(Read Genesis 32: 22-31)
Submission to God’s will is one of the great spiritual disciplines of our tradition. In the classic book, Celebration of Discipline, the profound teacher, Richard Foster writes, “The most radical social teaching of Jesus was his total reversal of the contemporary notion of greatness. Leadership is found in becoming the servant of all. Power is discovered in submission. The foremost symbol of this radical servanthood is the cross” (Foster, pg. 115). The book of Philippians sums it up when the writer says, “He humbled himself and became obedient unto death, even death on a cross” (Phil. 2:8). According to Christian teaching, it is through this humbling, obedience and death that Jesus and we ourselves find glory, power and life.
“Every discipline has its corresponding freedom” (Foster,Richard. Celebration of Discipline. pg. 110). And the freedom associated with submission is “the ability to lay down the terrible burden of always needing to get our own way.” Richard Foster goes on to say, “The obsession to demand that things go the way we want them to go is one of the greatest bondages in human society today. People will spend weeks, months, even years in a perpetual stew because some little thing did not go as they wished” (Foster, pg. 111).
And let’s face it, people that insist on their own way all the time drive us crazy. The boss that micromanages and demands that things be just so, the parent that gives their child no freedom and insists that their way is the right way, the friend who always has a plan and gets irritable when that plan is deviated from…these people are missing out on the dynamic movement that is supposed to be a part of a healthy relationship. It’s in the back and forth, the conversation, the compromise that we are most creative with each other and find a way to make whatever the situation is mutually beneficial.
I have a friend who has a very definitive idea of the way she likes things, and sometimes, being around her is like walking on eggshells. I have to watch what I say because I don’t want to offend her sensibilities. Honestly, it’s tiring and not that much fun to be around her when she’s like this.
So, submission is something that we do in order to get along well with others and make the relationship rewarding for all parties. As well, submission is something that we do to imitate Jesus, and through it, we find the life that God wants for us, instead of the life that we want for ourselves. However, there is a season for everything. As Ecclesiastes says, there is “a time to be born, and a time to die. A time to weep, and a time to laugh. A time to seek, and a time to lose.” We can’t always submit. So may I add, there is “a time to submit, and a time to wrestle.” A wise person knows what is called for when.
And that brings us to today’s Scripture lesson of Jacob wrestling with God. Jacob is in the process of taking his family on a journey. They have left their home, but have not arrived yet at their destination when he comes across a man, who turns out to be God. Jacob wrestles with him all night long, and as day is breaking, God says, “Let me go.” Jacob replies, “I will not let you go, unless you bless me” (Genesis 32: 26).
This brings me to my first point: when we decide it’s time to wrestle, to strive with God or with a fellow human being, we must have a purpose in mind. In other words, choose your battles according to what you want most in life. If you really want to be a published writer, then you will send out proposal after proposal because you have a goal, and you will let nothing deter you from that goal of being published. But we have to know what we want in life. Do you know what’s really important to you right now? What’s worth wrestling and striving for?
Choosing your battles based on your overall goals and desires is especially important when you are wrestling with human beings. You don’t want to fight with your mother or mother-in-law about everything, so pick the things that really matter to you and let the rest go.
A second point about this passage: the wrestling goes on all night long and into the morning. When we decide it’s time to go for something, we can’t be faint of heart. We must be ready for a challenge and ready to endure. This can be difficult because many of us get about halfway to where we want to be and settle. “Oh, this is good enough” we say. Jacob doesn’t quit even after his hip is struck out of joint. He perseveres. He keeps wrestling until he gets what he wants.

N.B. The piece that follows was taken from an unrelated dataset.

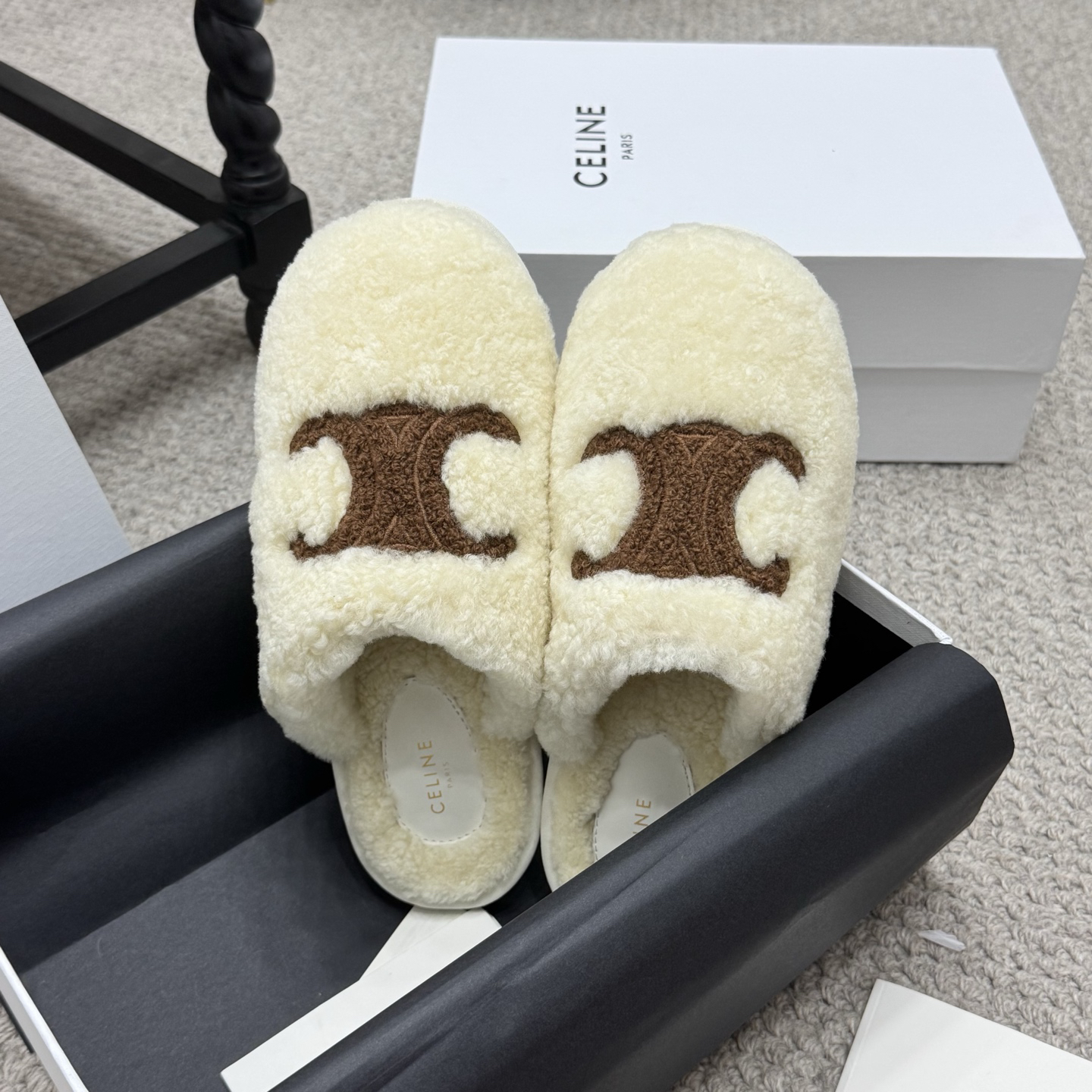 Celine Slides - view 3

A third point: God rewards, not punishes, but rewards Jacob for wrestling with him. I know that submission to God’s will is a pillar of our spirituality, but don’t you ever get tired praying, “Thy will be done.” I know for many years I would say the Lord’s Prayer, including the part that God’s will be done, but then would say in my personal prayer time, “God, why can’t it be my way? I know what I want. I know what I need. Why can’t you make happen what I want to have happen?”
The thing is, if we are going to wrestle God for what we want, then we have to take responsibility for making that thing come to fruition. Yes, I believe the Holy Spirit will help us in our weakness, but God does not just present our greatest desires on a silver platter. As the saying goes, God helps those who help themselves.
There is a poem called “Striving” by Robert William Service, and I particularly like these three lines:
I am myself - yet when I strive
I build a self that's truer, higher;
I keep my bit of God alive
I don’t know exactly what you are feeling like right now, but my friends, let’s have some fire in our bellies! Let’s strive, let’s wrestle so that we can be our best selves, so that we can see our dreams fulfilled, so that the part inside of us that is divine can really shine forth.
Today is no day to roll over and play dead. Today is the day to wrestle with God and be blessed. Amen.